Oral glucose stimulates the release of the endogenous incretins glucagon-like peptide-1 (GLP-1) and glucosedependent insulin-releasing polypeptide (GIP). These stimulate insulin release and inhibit glucagon release resulting in lower blood glucose. They are rapidly inactivated by dipeptidyl peptidase-4 (DPP-4). The DPP- 4 inhibitors prolong the action of endogenous incretins, enhancing the first-phase insulin response.

There are now five DPP-4 inhibitors on the market.
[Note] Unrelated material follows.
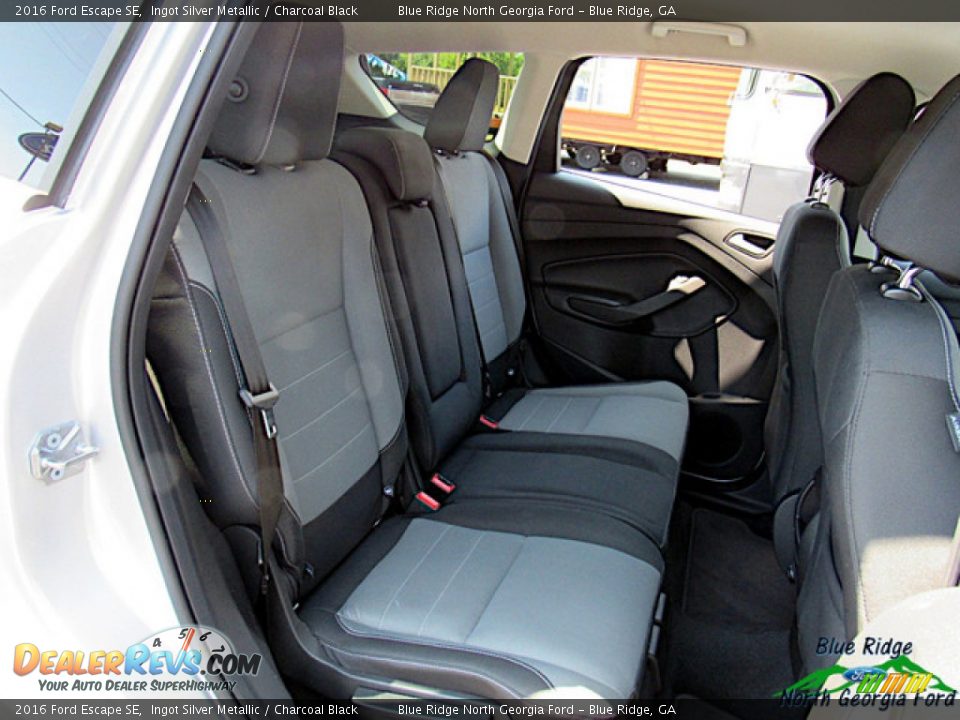 2016 Ford Escape SE Ingot Silver Metallic / Charcoal Black Photo #12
They are all slightly different, but of particular note is that vildagliptin needs LFT monitoring and linagliptin is excreted in bile rather than renally, which may provide an advantage. It needs to be recognised, however, that all these drugs will only give a very modest reduction in HbA1c and are probably going to be less effective in patients who have had diabetes a long time and as a result have established beta-cell dysfunction.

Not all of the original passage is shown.